You don't see that in a lot of covered call strategies. A lot of them will just overwrite an index and call it a day. But like Mike said, this one's actively managed, has some screens in there. It's trying to be very opportunistic. So, in that sense, I think IDVO is really good among covered call strategies. I tend to kind of take the opposite stance. I like the more traditional dividend equity products. And between SCHY and LVHI, I think it's really close.
I'd probably give just the slightest of advantages to SCHY here. You know both of these both of these funds look at sustainable earnings and cash flows and debt levels and roe and it gives some consideration to high yield and you know SCHY even has a low volatility tilt to it even though it's not specifically you know explicitly stated like LVHI is. So I think they're both very good strategies. I kind of prefer SEY just a little bit because it takes in takes into account that dividend growth history and dividend growth rate a little more than LVHI does.
I think it just makes a little more well-rounded.
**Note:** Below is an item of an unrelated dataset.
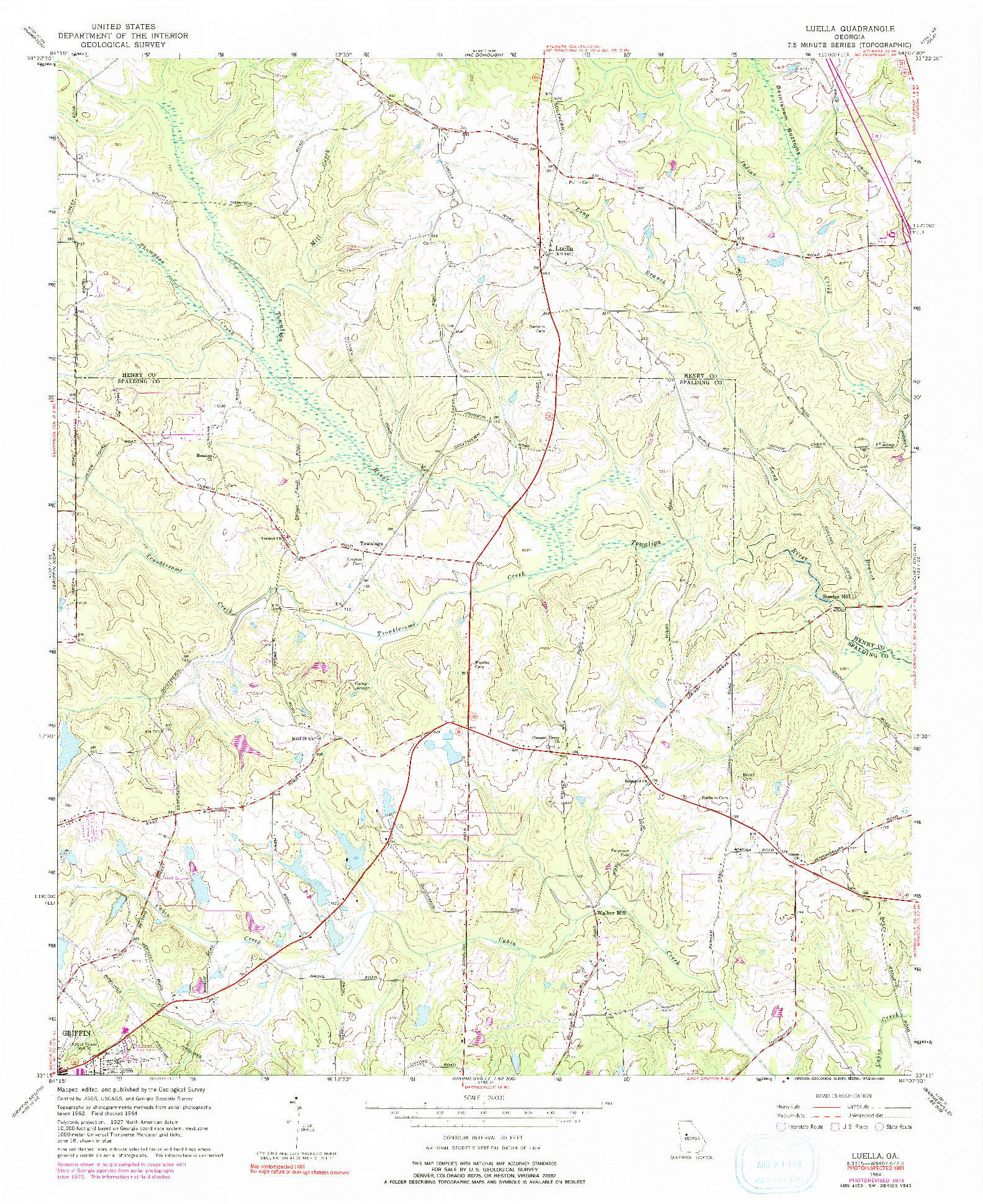 USGS 1:24000-SCALE QUADRANGLE FOR LUELLA, GA 1964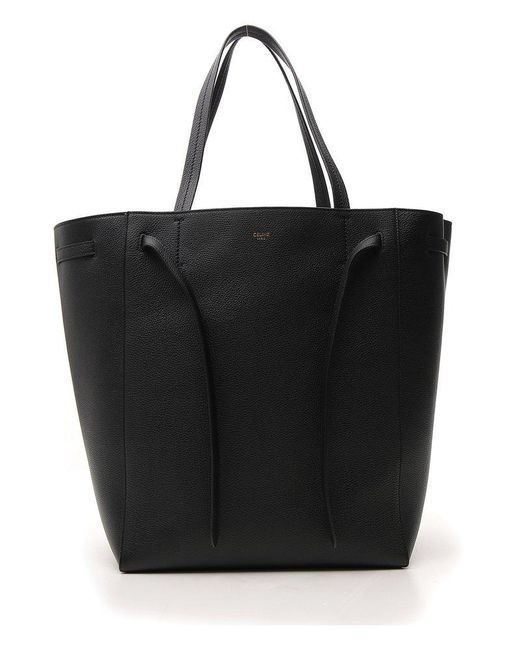 Celine Leather Logo Detailed Medium Tote Bag in Black | Lyst UK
So, again, I agree all these funds are are great at what they do. I'm just going to give the slight advantage to SCHY in my opinion. Very good. Now, that shifts us to the next category which is performance and yield. And both of those things have been combined into one category. So Dave, break it down for us. How do these funds compare?
Yeah, Mike kind of alluded to it already, but IDVO is the winner in this category. It's over the short and since the since inception or since common inception, I should say, IDVO has outperformed both LVHI and SCHY.